Una storia di "fantasmi" che ha il budget di un film indipendente e la forma di un prodotto blockbuster. Del primo, ha il mostrare…

TRACKLIST

  1. Armoured Vehicle
  2. The Beast
  3. The Border
  4. Drywall
  5. Explosion
  6. Desert Music
  7. Target
  8. Convoy
  9. The Bank
  10. Surveillance
  11. Reflection
  12. Melancholia
  13. Night Vision
  14. Tunnel Music
  15. Fausto
  16. Balcony
  17. Soccer Game
  18. Alejandro's Song

Jóhann Jóhannsson

Sicario OST

(Varèse Sarabande) 2015

soundtrack

di Matteo Meda

Un Golden Globe meritatissimo e un Oscar sfiorato per “La teoria del tutto” hanno definitivamente consacrato Jóhann Jóhannsson come una delle certezze del momento in ambito soundtrack. Uno stile versatile a livello di mood e atmosfere e la forte componente “cinematografica” che la sua musica ha acquisito progressivamente sono divenuti i fari dell'attuale stadio della sua arte, al punto tale da averlo portato a dedicare sostanzialmente il cento per cento della sua energia creativa al cinema e alle colonne sonore.

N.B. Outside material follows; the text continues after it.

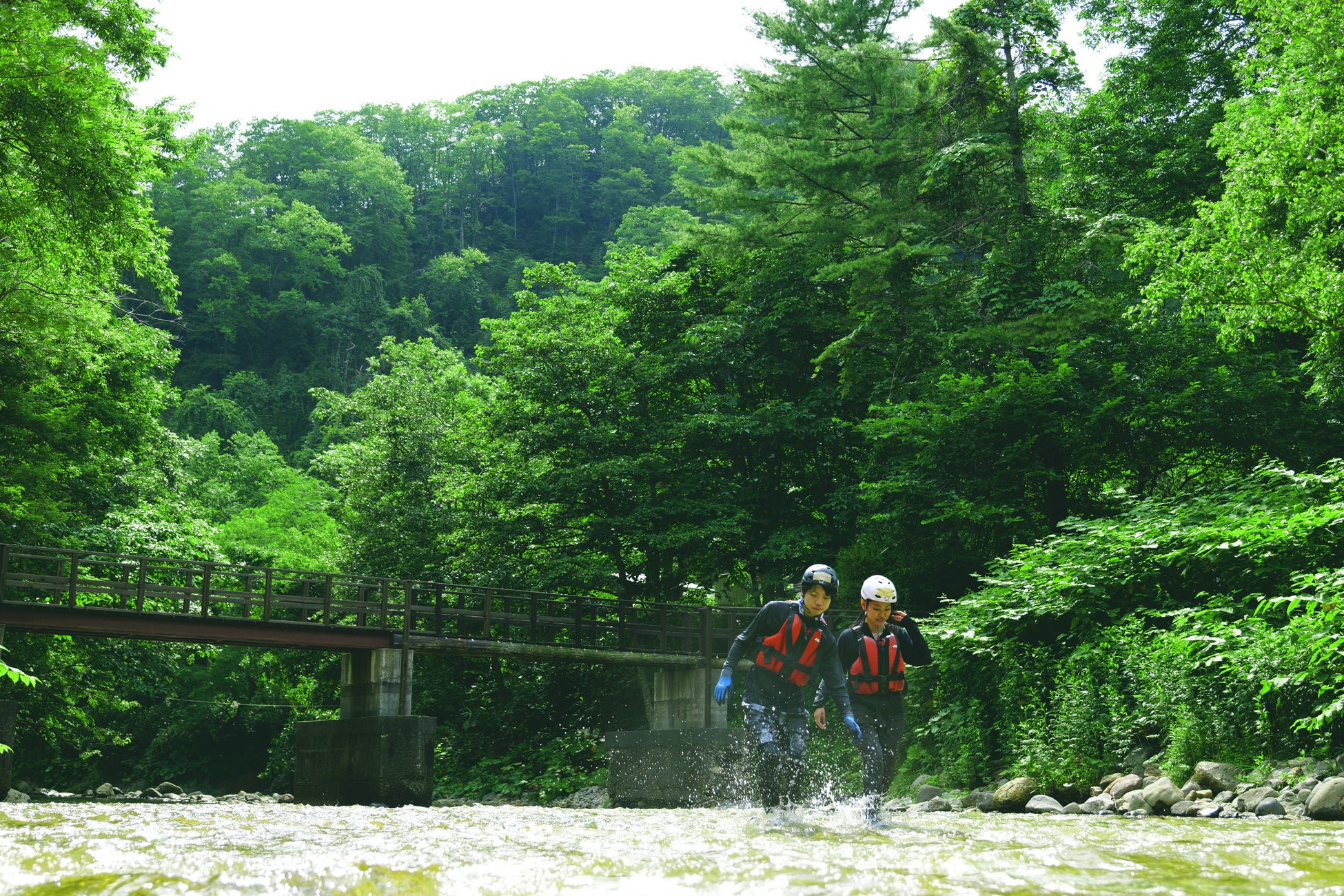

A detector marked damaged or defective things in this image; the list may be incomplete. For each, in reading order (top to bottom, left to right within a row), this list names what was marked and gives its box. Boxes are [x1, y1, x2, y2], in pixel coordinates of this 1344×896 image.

A discolpa di un lavoro come quello realizzato per “Sicario”, seconda collaborazione con Dennis Villeneuve dopo la soundtrack di “Prisoners”, vi sono per lo meno due elementi. In primo luogo il duro compito di tornare a mettersi in gioco dopo il plauso sostanzialmente unanime e meritato per un predecessore decisamente ingombrante, anche per portata “mainstream”. Subito dietro la difficoltà, raccontata dal compositore islandese come fonte positiva di stimolo, di aver dovuto lavorare sulla musica prima ancora che le scene del film fossero girate, con in mano il solo copione.

Sta di fatto che, per quanto alte e complesse le aspettative fossero, “Sicario” è un lavoro che di base non può non deludere. Un viaggio decisamente monocromatico, dove l'unica tonalità dominante è il nero, senza sfumature, contrasti o una qualsivoglia forma di densità narrativa. Domina imperante un clima di tensione, reso attraverso l'implemento di schiere di percussioni, a contrappuntare un marcato ritorno alle note basse e al dominio degli archi. Una monocromia che diviene ben presto monotonia, perdendo così ben presto anche quell'oscurità maestosa che risalta nei primi momenti.

Tutto ancora da capire come un impianto sonoro del genere si sposerà, peraltro, a un film che nella trama promette azione vorace ed effetti speciali più che oscurità, mistero e suspense come la musica sembra invece suggerire. Interrogativo indiretto a cui in questa sede non si può né vuole rispondere. Ma se è vero come è vero che ogni soundtrack andrebbe valutata in primo luogo rispetto al suo rapporto con le immagini che deve musicare, il valore assoluto strettamente musicale fa comunque di “Sicario” un episodio minore nella carriera lastricata d'oro e meraviglie di Jóhann Jóhannsson.